::: EXERCISE INPUT
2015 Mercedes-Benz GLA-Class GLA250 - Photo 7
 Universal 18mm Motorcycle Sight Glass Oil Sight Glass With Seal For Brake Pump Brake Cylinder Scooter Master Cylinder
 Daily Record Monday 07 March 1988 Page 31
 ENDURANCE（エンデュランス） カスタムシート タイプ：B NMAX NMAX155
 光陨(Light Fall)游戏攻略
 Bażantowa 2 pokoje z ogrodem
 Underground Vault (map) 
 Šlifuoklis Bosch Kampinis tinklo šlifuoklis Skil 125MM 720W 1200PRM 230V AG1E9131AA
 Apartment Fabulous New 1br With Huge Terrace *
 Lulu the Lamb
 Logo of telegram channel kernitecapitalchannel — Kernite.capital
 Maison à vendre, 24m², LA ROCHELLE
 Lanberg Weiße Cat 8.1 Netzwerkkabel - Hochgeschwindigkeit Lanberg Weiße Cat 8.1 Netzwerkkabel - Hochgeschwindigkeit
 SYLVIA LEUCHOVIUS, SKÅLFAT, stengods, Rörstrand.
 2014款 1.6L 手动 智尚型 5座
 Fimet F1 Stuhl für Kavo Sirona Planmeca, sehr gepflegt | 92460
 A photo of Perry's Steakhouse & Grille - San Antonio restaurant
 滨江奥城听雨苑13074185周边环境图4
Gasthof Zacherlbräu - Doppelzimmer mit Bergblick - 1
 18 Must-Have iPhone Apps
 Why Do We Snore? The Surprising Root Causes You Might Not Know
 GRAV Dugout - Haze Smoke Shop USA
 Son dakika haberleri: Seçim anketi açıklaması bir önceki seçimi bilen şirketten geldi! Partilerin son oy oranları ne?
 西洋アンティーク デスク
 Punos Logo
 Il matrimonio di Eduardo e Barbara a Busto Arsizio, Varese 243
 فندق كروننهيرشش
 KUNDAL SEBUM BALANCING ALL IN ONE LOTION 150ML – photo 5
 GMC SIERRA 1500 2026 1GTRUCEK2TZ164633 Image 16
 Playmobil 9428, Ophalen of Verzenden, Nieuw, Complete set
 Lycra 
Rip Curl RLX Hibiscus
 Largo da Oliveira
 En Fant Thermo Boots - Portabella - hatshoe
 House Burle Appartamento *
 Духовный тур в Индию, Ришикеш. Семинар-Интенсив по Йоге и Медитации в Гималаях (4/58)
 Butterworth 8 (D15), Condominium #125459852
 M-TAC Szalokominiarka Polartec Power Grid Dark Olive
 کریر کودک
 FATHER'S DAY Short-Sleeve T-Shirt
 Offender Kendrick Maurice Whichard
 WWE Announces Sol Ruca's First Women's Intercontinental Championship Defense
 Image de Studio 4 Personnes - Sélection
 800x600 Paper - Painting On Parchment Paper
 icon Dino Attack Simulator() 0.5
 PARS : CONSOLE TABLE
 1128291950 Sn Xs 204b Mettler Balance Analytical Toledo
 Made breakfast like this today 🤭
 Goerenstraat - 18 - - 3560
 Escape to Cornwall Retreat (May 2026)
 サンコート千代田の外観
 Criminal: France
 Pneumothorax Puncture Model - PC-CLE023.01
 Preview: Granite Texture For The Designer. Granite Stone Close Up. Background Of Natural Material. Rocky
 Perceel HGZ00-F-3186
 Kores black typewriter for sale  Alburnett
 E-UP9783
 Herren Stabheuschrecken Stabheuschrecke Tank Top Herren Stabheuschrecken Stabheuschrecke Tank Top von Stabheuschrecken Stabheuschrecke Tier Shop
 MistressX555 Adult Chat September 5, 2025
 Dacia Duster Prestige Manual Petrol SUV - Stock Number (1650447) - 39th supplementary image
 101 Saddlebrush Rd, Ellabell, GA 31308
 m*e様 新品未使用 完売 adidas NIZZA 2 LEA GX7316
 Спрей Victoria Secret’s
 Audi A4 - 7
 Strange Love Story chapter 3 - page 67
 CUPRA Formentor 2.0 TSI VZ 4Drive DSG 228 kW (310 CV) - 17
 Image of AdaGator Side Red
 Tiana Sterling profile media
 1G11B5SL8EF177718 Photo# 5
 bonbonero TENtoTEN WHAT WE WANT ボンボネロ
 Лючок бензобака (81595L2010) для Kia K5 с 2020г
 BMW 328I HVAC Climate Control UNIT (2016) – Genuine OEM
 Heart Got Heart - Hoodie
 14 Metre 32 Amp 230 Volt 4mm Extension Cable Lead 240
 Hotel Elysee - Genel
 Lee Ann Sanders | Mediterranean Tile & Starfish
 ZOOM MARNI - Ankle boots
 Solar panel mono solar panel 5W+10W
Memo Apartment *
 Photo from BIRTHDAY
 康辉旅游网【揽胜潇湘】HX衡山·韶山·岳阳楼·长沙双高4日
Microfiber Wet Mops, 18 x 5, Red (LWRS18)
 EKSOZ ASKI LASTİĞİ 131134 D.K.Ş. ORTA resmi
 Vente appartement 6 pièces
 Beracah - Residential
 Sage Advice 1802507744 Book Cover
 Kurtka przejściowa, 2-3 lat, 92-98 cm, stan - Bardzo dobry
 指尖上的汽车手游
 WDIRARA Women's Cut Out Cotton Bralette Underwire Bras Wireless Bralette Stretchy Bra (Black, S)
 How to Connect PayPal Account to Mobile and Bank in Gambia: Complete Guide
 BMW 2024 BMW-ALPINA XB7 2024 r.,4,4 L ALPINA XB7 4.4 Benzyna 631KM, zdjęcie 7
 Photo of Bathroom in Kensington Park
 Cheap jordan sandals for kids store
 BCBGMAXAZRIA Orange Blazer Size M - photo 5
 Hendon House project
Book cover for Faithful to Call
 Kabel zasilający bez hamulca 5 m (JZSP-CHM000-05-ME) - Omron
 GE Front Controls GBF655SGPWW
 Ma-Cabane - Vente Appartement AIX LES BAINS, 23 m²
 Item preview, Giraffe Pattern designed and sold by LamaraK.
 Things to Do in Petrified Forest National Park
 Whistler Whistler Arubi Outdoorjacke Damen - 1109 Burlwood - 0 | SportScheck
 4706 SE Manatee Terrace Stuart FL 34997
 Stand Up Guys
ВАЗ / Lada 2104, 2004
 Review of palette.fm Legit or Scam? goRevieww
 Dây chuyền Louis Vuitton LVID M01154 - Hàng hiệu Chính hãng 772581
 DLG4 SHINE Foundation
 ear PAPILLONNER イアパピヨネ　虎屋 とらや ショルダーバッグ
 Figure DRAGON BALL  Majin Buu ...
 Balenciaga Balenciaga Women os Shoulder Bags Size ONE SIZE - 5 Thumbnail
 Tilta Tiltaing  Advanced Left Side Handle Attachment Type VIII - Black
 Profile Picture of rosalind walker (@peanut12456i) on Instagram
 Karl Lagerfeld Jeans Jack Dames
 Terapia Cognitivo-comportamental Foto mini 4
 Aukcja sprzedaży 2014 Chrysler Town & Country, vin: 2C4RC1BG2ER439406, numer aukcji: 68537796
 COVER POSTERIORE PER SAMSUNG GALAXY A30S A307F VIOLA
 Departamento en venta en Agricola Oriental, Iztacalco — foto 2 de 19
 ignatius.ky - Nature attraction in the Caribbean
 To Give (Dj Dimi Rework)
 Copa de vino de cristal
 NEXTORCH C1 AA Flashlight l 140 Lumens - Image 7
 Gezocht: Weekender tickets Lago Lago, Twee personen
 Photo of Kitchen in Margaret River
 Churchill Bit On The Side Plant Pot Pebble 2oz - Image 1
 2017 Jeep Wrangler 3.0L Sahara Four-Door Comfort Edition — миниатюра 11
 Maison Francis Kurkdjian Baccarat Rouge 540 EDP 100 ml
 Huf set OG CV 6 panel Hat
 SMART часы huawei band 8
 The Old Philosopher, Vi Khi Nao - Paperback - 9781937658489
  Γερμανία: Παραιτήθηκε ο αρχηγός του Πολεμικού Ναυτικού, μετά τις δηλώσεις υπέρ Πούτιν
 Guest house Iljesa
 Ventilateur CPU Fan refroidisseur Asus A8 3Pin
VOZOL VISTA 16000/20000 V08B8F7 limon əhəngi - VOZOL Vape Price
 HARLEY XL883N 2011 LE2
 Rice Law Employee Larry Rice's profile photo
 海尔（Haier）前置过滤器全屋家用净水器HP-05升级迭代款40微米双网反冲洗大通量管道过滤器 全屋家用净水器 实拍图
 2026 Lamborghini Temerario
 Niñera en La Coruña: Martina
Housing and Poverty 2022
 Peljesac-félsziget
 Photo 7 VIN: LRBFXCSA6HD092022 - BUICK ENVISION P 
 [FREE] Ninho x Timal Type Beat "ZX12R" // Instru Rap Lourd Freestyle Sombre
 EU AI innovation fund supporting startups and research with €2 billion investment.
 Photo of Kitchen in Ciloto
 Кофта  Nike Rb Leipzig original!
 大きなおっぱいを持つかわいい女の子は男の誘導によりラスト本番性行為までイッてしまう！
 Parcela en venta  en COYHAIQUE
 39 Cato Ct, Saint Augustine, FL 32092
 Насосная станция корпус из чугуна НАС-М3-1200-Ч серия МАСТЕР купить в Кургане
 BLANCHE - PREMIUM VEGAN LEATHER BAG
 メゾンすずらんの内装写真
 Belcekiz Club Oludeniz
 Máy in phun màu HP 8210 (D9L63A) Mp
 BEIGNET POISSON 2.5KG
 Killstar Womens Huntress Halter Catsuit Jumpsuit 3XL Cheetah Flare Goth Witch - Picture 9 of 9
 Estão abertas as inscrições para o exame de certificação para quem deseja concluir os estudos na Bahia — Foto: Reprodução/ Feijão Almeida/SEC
::::::
_ABOUT THIS EXERCISE:_ Within the entries above, find each line where "Vente" appears; copy every one.

_OUTPUT BELOW:_
 Vente appartement 6 pièces
 Ma-Cabane - Vente Appartement AIX LES BAINS, 23 m²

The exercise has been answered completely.